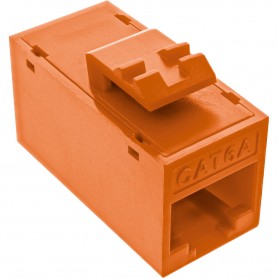 8pcs. Pack InLine® Keystone coupler RJ45 F/F, unshielded, Cat.6A UTP, orange
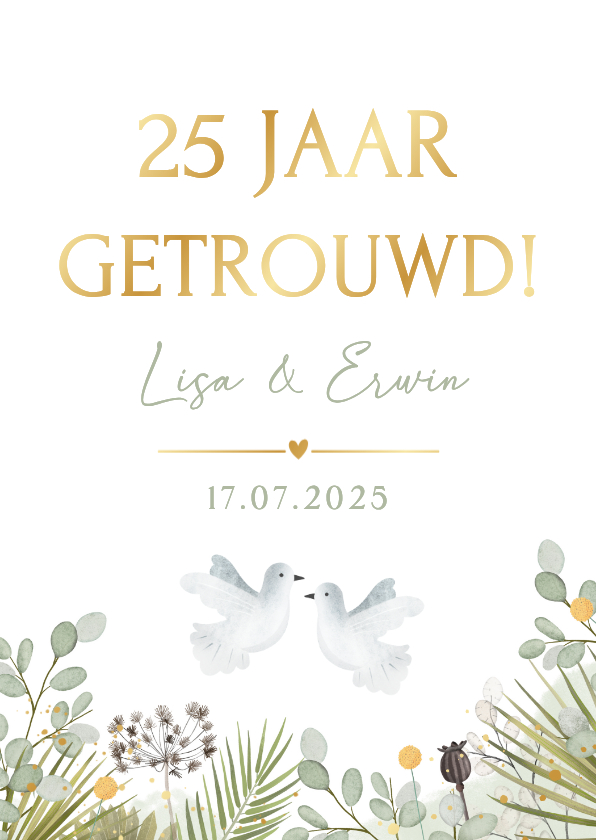 Huwelijksjubileum uitnodiging met duifjes 25 jaar getrouwd - Jubileumkaarten Jubileumkaarten - Huwelijksjubileum uitnodiging met duifjes 25 jaar getrouwd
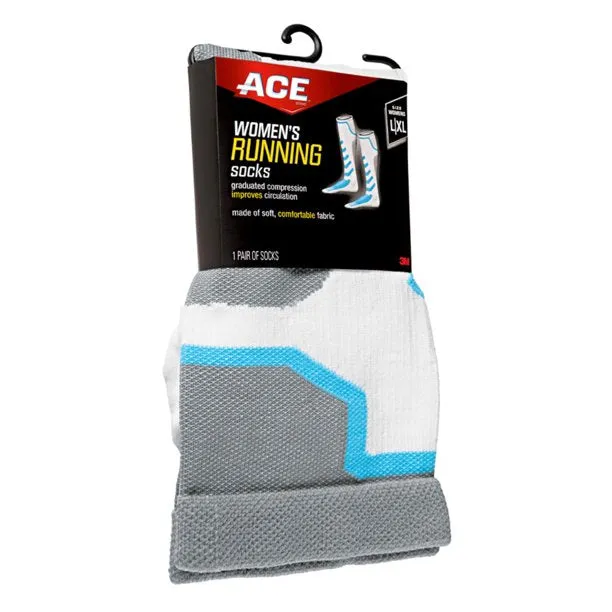 ACE Brand Women's Running Socks, Graduated Compression L/XL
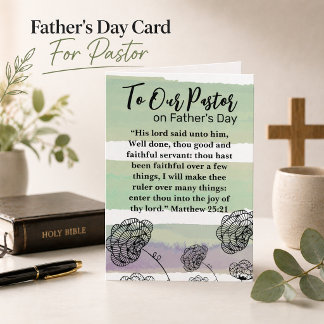 Matthew 25:21 Pastor Appreciation Fars Dag Tack Kort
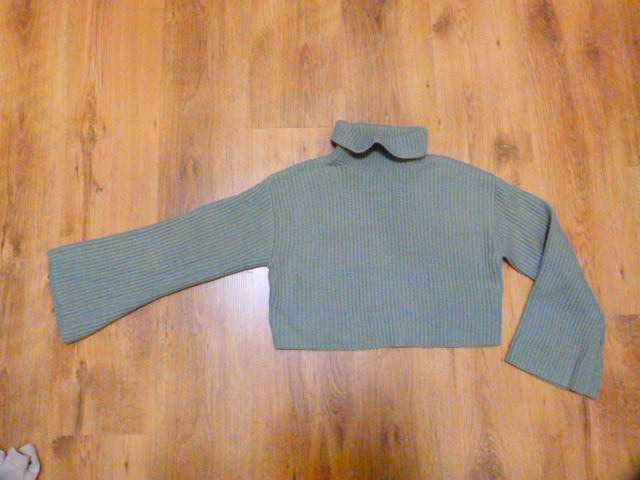 rozm 158 Shein sweter golf gruby pleciony krótki szerokie rękawy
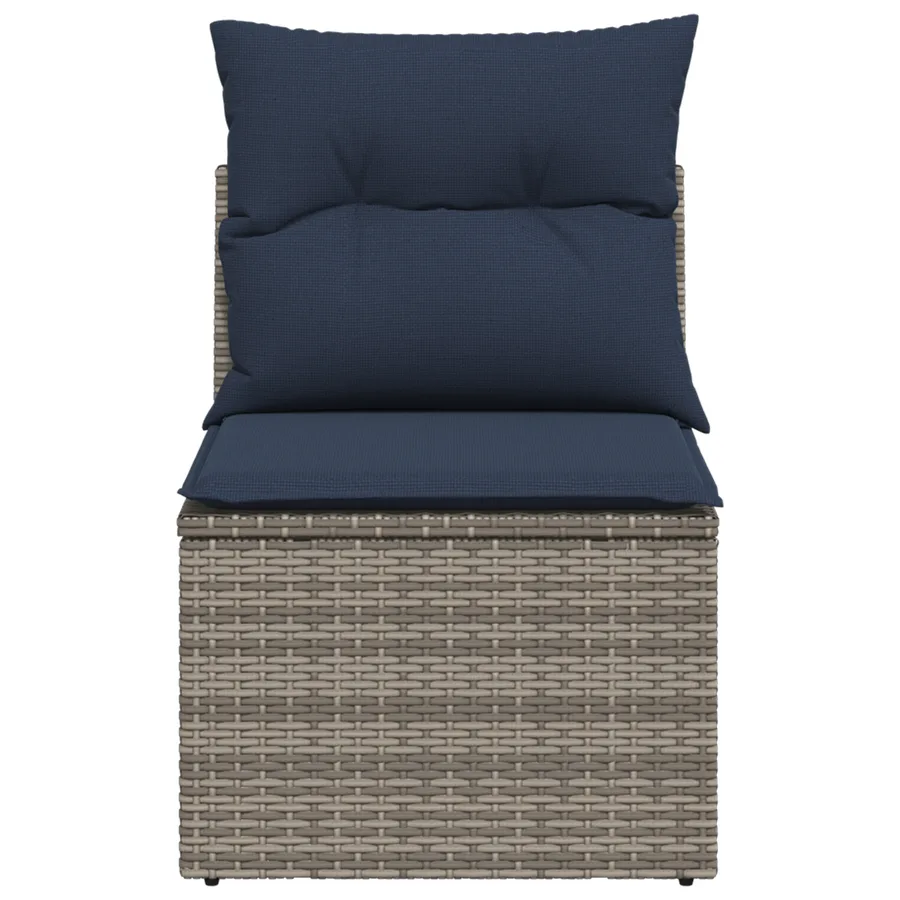 Chaise de jardin sans accoudoirs avec coussins gris poly rotin - 2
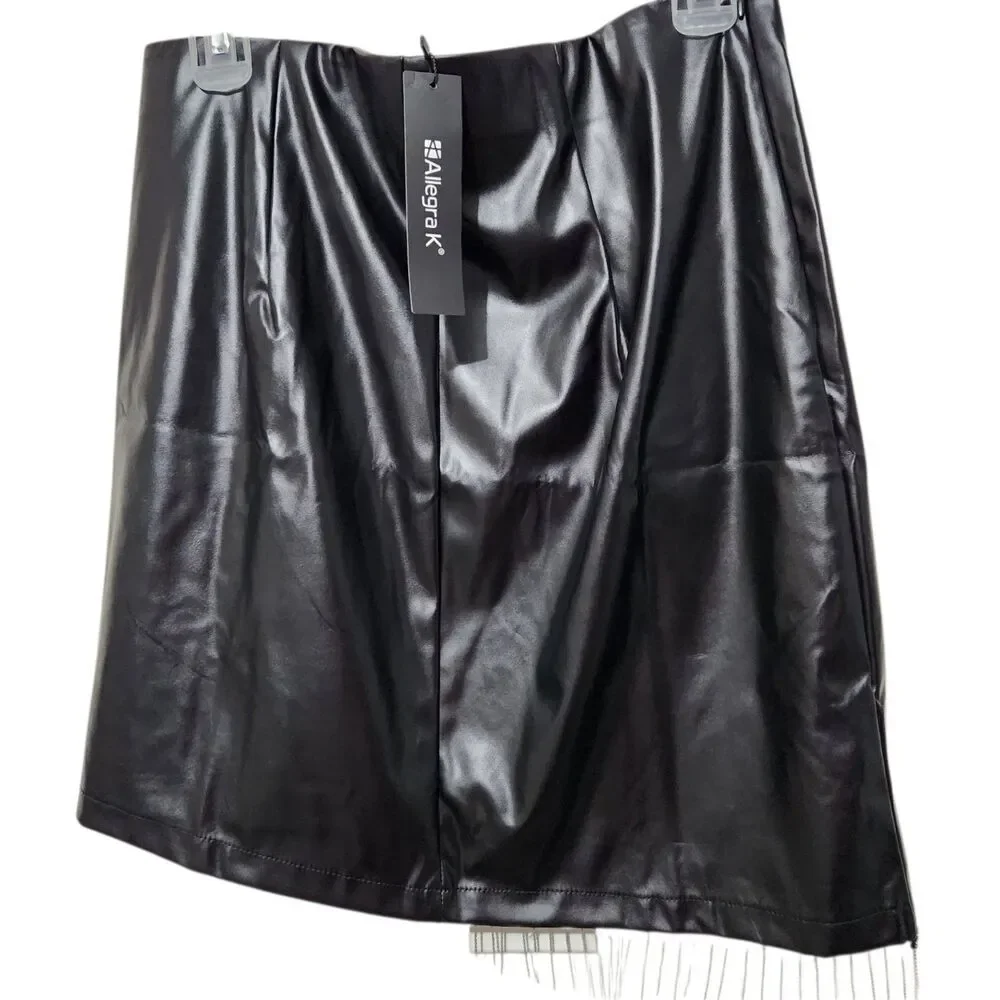 allegra skirt Size Large Black Faux Leather Metallic Details Elastic Waistband
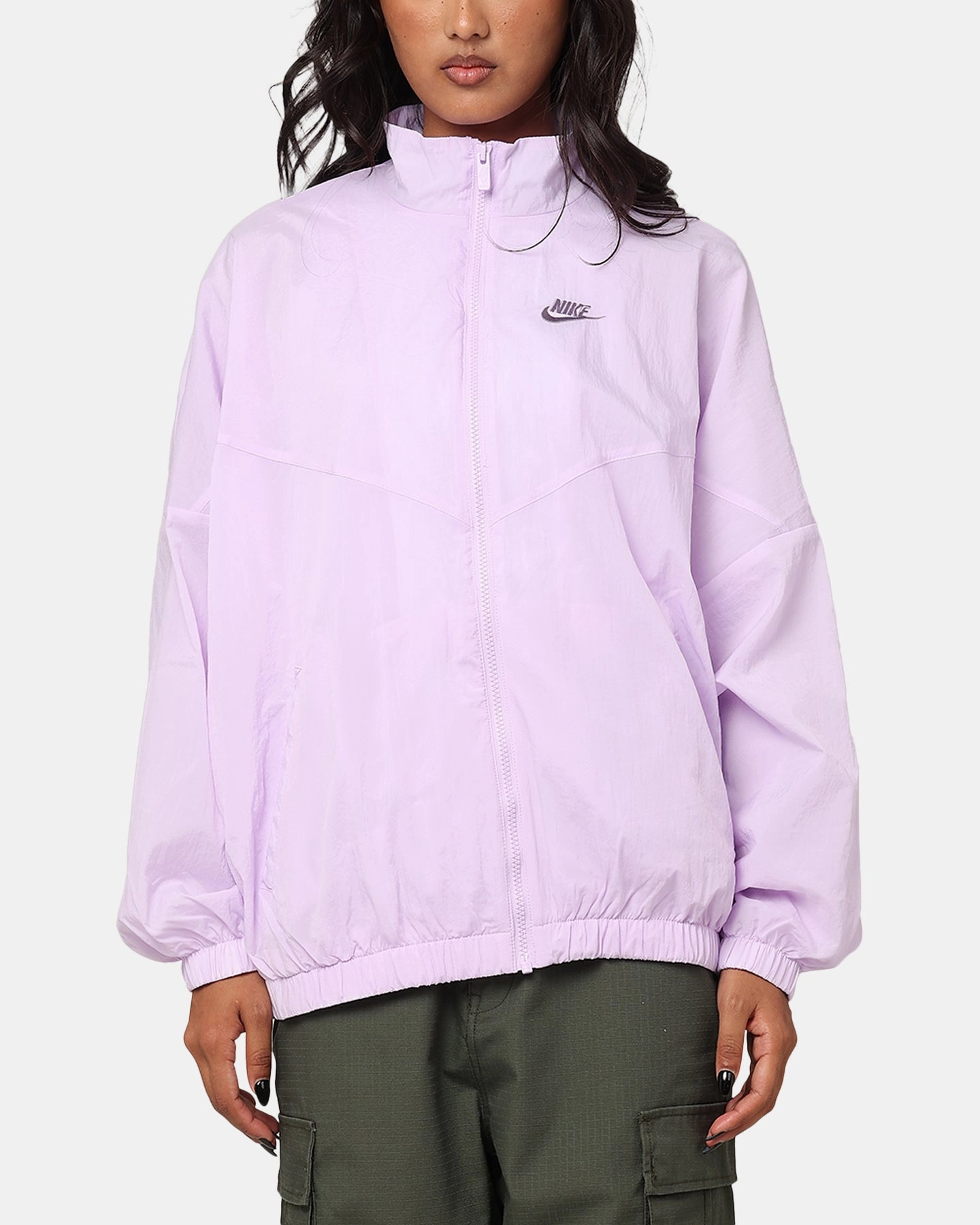 Taped Zippers Nike Women's Sportswear Essential Woven Windrunner Jacket Violet Mist/Violet Mist-Daybreak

══════

Please reproduce, word for word, every line from the first line of the records above through the line containing "rozm 158 Shein", and leave out the pictures.

 8pcs. Pack InLine® Keystone coupler RJ45 F/F, unshielded, Cat.6A UTP, orange
 Huwelijksjubileum uitnodiging met duifjes 25 jaar getrouwd - Jubileumkaarten Jubileumkaarten - Huwelijksjubileum uitnodiging met duifjes 25 jaar getrouwd
 ACE Brand Women's Running Socks, Graduated Compression L/XL
 Matthew 25:21 Pastor Appreciation Fars Dag Tack Kort
 rozm 158 Shein sweter golf gruby pleciony krótki szerokie rękawy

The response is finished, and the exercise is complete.